Calling a C++ member function pointer: this-pointer gets corrupted

Question

I need to convert some member function pointers to void* pointers (because I need to push them to the Lua stack, but the problem is not Lua related).

I do this using a union. But when I convert the member function pointers to a void* and back again and then try to call the pointer with an instance of the class, the this pointer gets corrupted. Strangly, this problem doesn't happen, if I convert the void* pointer back into a C-style function pointer with a pointer to the class as it's first parameter.

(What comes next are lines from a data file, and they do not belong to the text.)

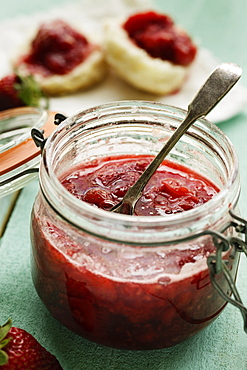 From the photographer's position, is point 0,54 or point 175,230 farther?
point 0,54

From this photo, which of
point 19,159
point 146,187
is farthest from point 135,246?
point 19,159

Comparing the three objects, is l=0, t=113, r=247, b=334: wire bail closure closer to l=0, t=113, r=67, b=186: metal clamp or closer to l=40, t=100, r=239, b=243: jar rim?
l=40, t=100, r=239, b=243: jar rim

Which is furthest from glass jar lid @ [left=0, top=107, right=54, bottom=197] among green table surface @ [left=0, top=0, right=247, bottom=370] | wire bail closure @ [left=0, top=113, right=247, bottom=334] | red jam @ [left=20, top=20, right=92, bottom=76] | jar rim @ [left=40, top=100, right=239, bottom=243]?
red jam @ [left=20, top=20, right=92, bottom=76]

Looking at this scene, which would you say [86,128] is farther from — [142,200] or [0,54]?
[0,54]

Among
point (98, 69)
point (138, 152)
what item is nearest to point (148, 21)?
point (98, 69)

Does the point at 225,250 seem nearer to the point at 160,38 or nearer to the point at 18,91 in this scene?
the point at 18,91

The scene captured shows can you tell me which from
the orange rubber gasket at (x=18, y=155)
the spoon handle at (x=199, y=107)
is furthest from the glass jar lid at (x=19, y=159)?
the spoon handle at (x=199, y=107) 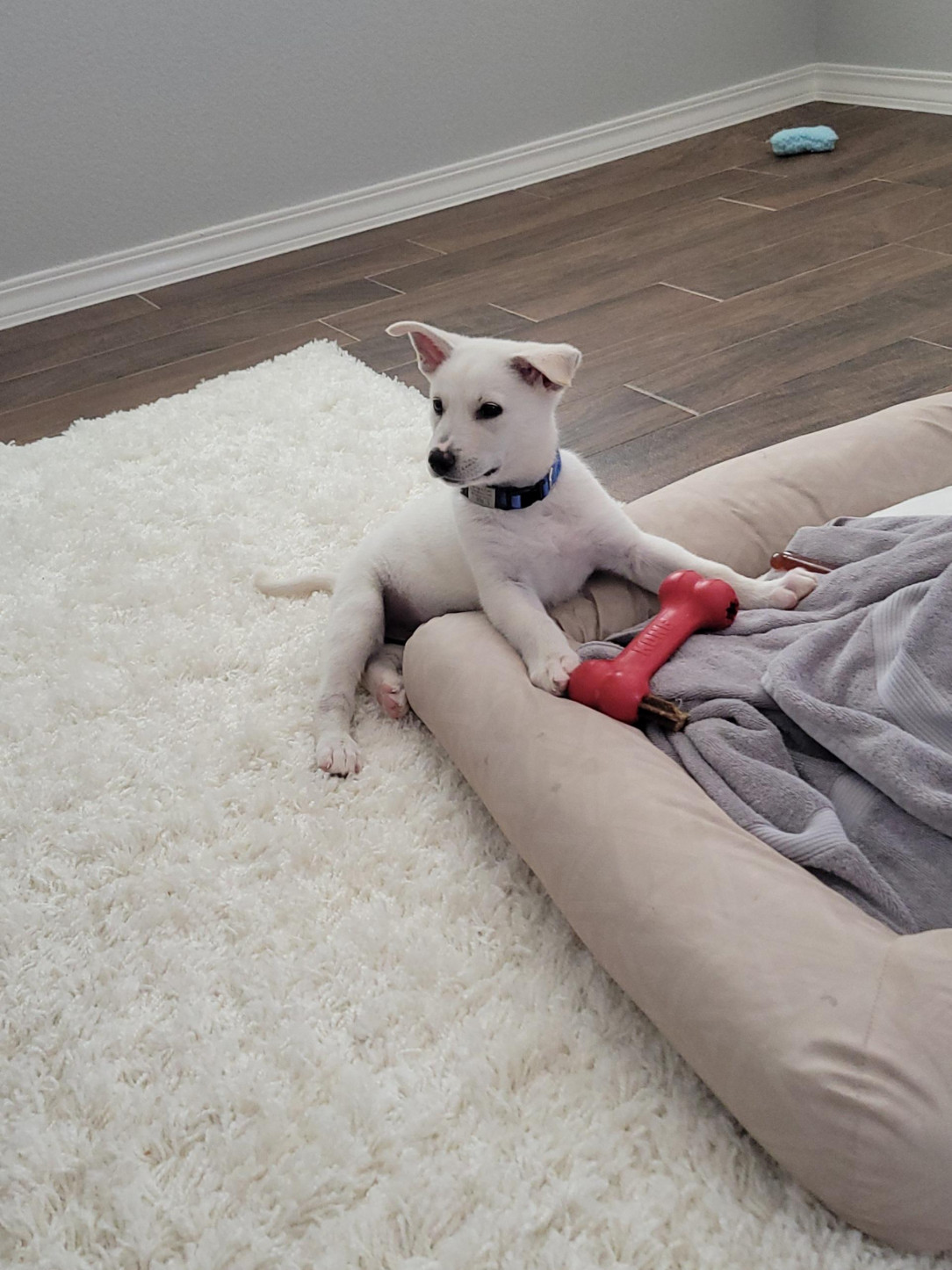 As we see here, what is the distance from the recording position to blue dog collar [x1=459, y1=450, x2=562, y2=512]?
1.52 metres

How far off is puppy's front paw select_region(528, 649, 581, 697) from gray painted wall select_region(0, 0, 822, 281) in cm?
284

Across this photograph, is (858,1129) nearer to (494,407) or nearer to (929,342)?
(494,407)

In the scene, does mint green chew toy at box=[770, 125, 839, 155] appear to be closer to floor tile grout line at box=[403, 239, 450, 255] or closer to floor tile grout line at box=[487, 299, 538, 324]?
floor tile grout line at box=[403, 239, 450, 255]

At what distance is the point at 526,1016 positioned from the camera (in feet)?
3.64

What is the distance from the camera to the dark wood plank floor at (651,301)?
7.54 ft

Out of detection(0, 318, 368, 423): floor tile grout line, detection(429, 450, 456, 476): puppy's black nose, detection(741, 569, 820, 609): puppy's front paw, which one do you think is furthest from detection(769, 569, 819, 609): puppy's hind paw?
detection(0, 318, 368, 423): floor tile grout line

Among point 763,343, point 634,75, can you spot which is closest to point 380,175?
point 634,75

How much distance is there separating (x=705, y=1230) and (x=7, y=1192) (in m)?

Here is piece of code that demonstrates the problem:

#include <iostream>
using namespace std;

class test
{
    int a;

    public:
        void tellSomething ()
        {
            cout << "this: " << this << endl;
            cout << "referencing member variable..." << endl;
            cout << a << endl;
        }
};

int main ()
{
    union
    {
        void *ptr;
        void (test::*func) ();
    } conv1, conv2;

    union
    {
        void *ptr;
        void (*func) (test*);
    } conv3;

    test &t = *new test ();

    cout << "created instance: " << (void*) &t << endl;

    // assign the member function pointer to the first union
    conv1.func = &test::tellSomething;

    // copy the void* pointers
    conv2.ptr = conv3.ptr = conv1.ptr;

    // call without conversion
    void (test::*func1) () = conv1.func;
    (t.*func1) (); // --> works

    // call with C style function pointer invocation
    void (*func3) (test*) = conv3.func;
    (*func3) (&t); // --> works (although obviously the wrong type of pointer)

    // call with C++ style member function pointer invocation
    void (test::*func2) () = conv2.func;
    (t.*func2) (); // `this' is the wrong pointer; program will crash in the member function

    return 0;
}

That is the output:

created instance: 0x1ff6010
this: 0x1ff6010
referencing member variable...
0
this: 0x1ff6010
referencing member variable...
0
this: 0x10200600f
referencing member variable...
zsh: segmentation fault (core dumped)  ./a.out

Is this a bug in the compiler (GCC)? I know that this conversion between void* and (member) function pointers is not standard compliant, but the odd thing is, that it works, when converting the void* to a C style function pointer.

Answer 1

It looks to me as though on your implementation, the first size(void*) bytes of an instance of the pointer-to-member-function type void (test::*) () just so happen, in this case, to be the address of a function in memory. As an implementation detail, that function is callable as if it were a free function with this as the first parameter. That's why conv3 appears to work.

However, your luck has run out when trying to copy those first sizeof(void*) bytes out into a different instance of the pointer-to-member-function type. The uninitialized garbage in the rest of conv2, once interpreted as the rest of a pointer-to-member-function after the initial code address, has made something go wrong. I suspect there are some flags and offsets in there, to record information about virtual functions and multiple- and virtual- inheritance. When that information is incorrect, stuff goes wrong.

Answer 2

Add these two lines to your code and the answer will be clear:

cout << "sizeof(void*)=" << sizeof(conv1.ptr) << endl;
cout << "sizeof(test::*)=" << sizeof(conv1.func) << endl;

The reason is simple. Consider:

class Base1
{
 public:
 int x;
 void Foo();
 Base1();
};

class Base2
{
 public:
 float j;
 void Bar();
 Base2();
};

class Derived : public Base1, public Base2
{
 Derived();
};

When you call Foo on a Derived, the this pointer must point to Base1::x. But when you call Bar on a Derived, the this pointer must point to Base2::j! So a pointer to a member function must include both the address of the function and an "adjustor" to correct the this pointer to point to an instance of the correct type of class that the function expects as the this pointer.

You are losing the adjuster, causing the this pointer to be adjusted randomly.

Answer 3

Weirdly enough, here (under VS2005), the 1st and 3rd calls works fine but the 2nd (with conv3) fails with the this being corrupted.